§ **Exercise prompt**: Retype exactly every line from the one that includes "<strong>高级越南</" through the final line of the listing, both ends kept, and omit the pictures.

§ **Provided data**:
________________________________________

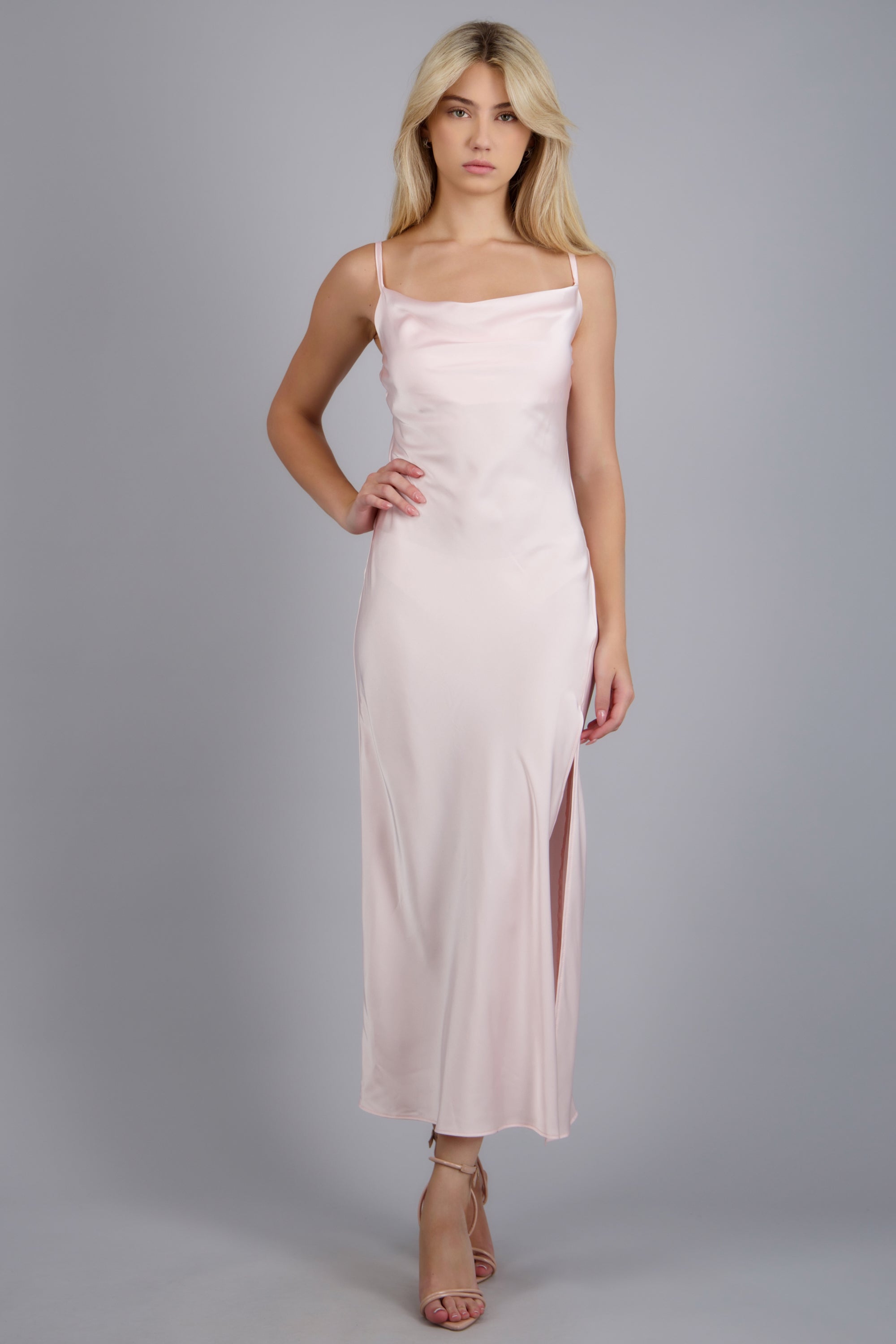 Vestido maxi satin escote columpio ROSA PASTEL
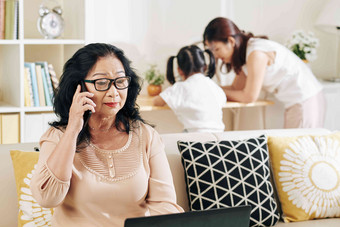 <strong>高级越南</strong>女人眼镜会说话的电话阅读业务文档移动PC屏幕住首页家庭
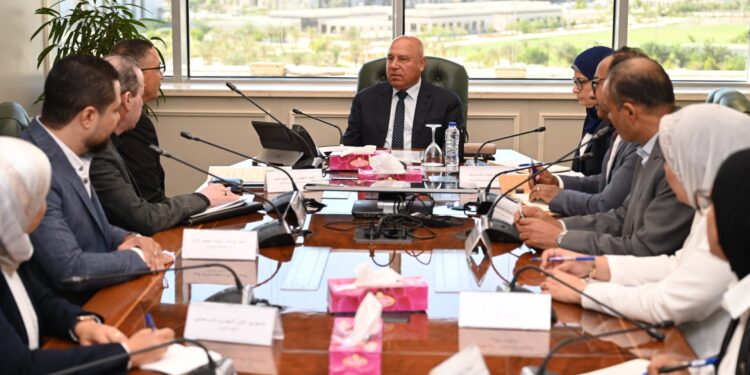 كامل الوزير يبحث مع رئيس شركة تكنولوجيا الحديد خطة إنشاء مصنع لإنتاج الأبواب المصفحة والمعدنية المقاومة للحريق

________________________________________

§ **Answer section**:
 <strong>高级越南</strong>女人眼镜会说话的电话阅读业务文档移动PC屏幕住首页家庭
 كامل الوزير يبحث مع رئيس شركة تكنولوجيا الحديد خطة إنشاء مصنع لإنتاج الأبواب المصفحة والمعدنية المقاومة للحريق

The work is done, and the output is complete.